Help. I[28F] am going to drive away my husband [29M] of a year and a half.

Everything you wrote is exactly what happened to me in a past relationship. I would feel panicked that we kept fighting about nothing, because I didn't want to admit that our relationship was failing. I would try to leave the situation to calm down, but he would chase after me to the point of forcing doors open. I couldn't flee, so I fought. And that made me revert back to the way I was when I was a teenager, when I couldn't leave my parents so I fought/got moody instead.

I wasn't mentally ill, and I haven't had this happen with anyone else since then. It's not normal for someone to chase you when you run, and that's part of what makes you feel like you're in danger. When people are in danger, they flee or they fight, and he's forcing you to continue to fight. It was actually surprising to me after leaving my relationship when people wouldn't force me to stay in a situation. When people actually seemed to care about my opinion. When people respected my boundaries. When people didn't want to argue over every small thing.
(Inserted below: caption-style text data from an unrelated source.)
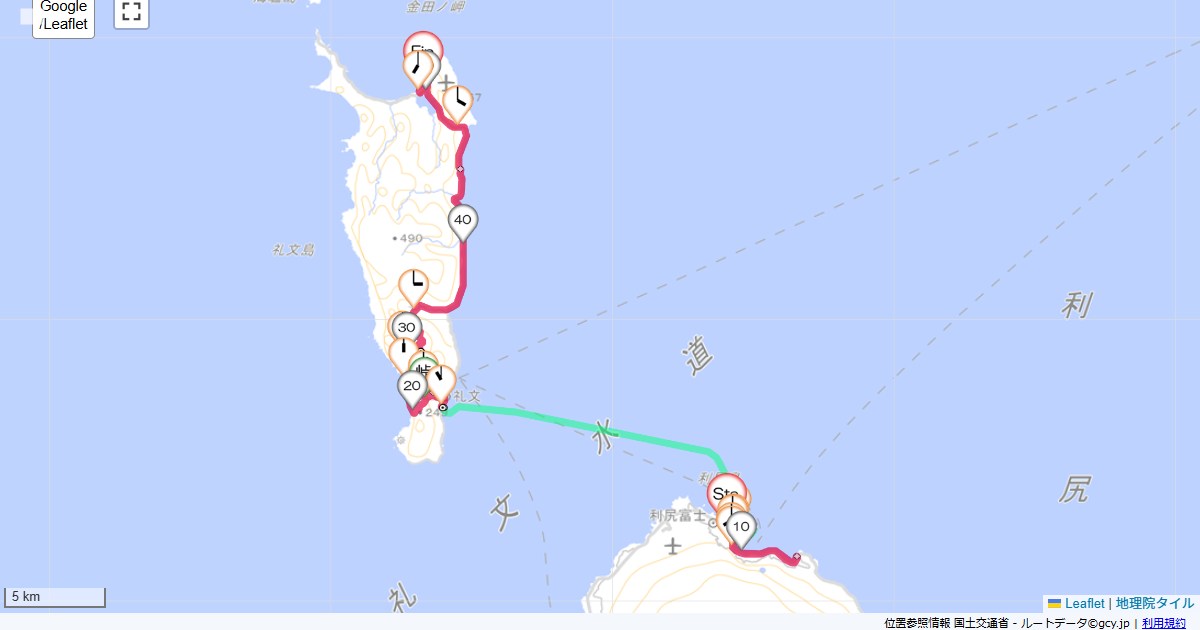 05道北4日目お宿マルゼン,民宿海憧,サイクリング,地図,記録,自転車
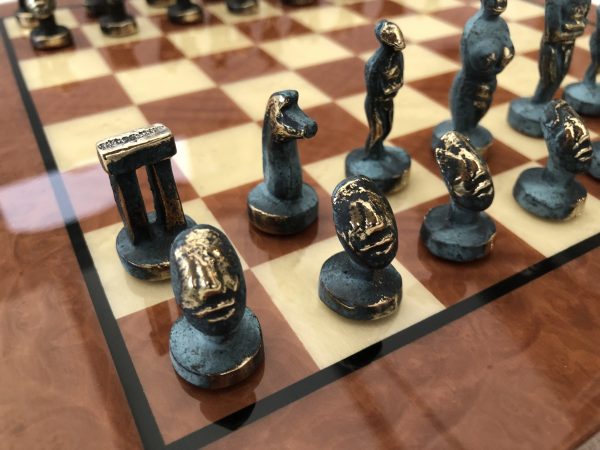Small Cycladic Art Metal Chess from Manopoulos - Image 14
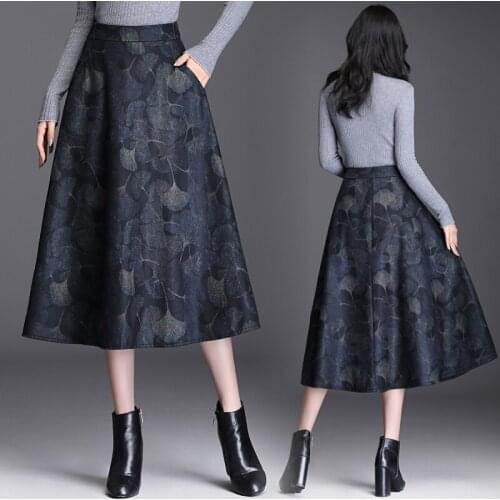 Woolen Printed Skirt Mid-length Autumn/Winter Womens High Waist Waist and Thin Plus Size Retro Pleated Skirt A-line Long Skirt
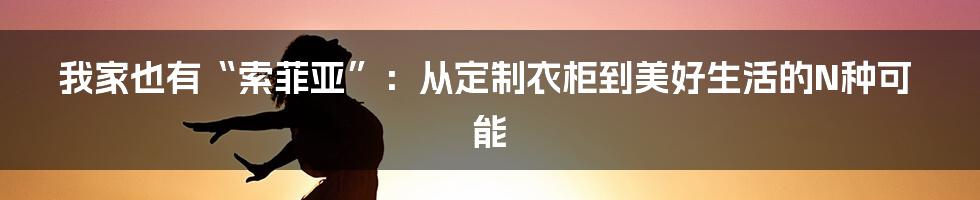 我家也有“索菲亚”：从定制衣柜到美好生活的N种可能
If you want to make your marriage work, then I really suggest marriage counseling. You might want to get therapy for yourself as well, but it's not going to make your husband stop chasing you when you try to leave. I don't know if this is what's happening to you, but I would feel cornered because he wouldn't let me leave - so I would lose control and act awful so that he would be the one to leave instead. It was a defense mechanism, not mental illness. There isn't anything wrong with you other than the fact that you don't know how to deal with someone you love treating you this way for the rest of your life.

The only way I could fix things was to get out of the relationship, and it was only afterward that I realized a lot of the things that were happening were not normal, at all, and that I was so desperate to make things work that I tried to ignore it. When I was in that relationship, I felt very alone, and things only got worse over time, so please feel free to message me if you want to talk more. I really hope things get better for you.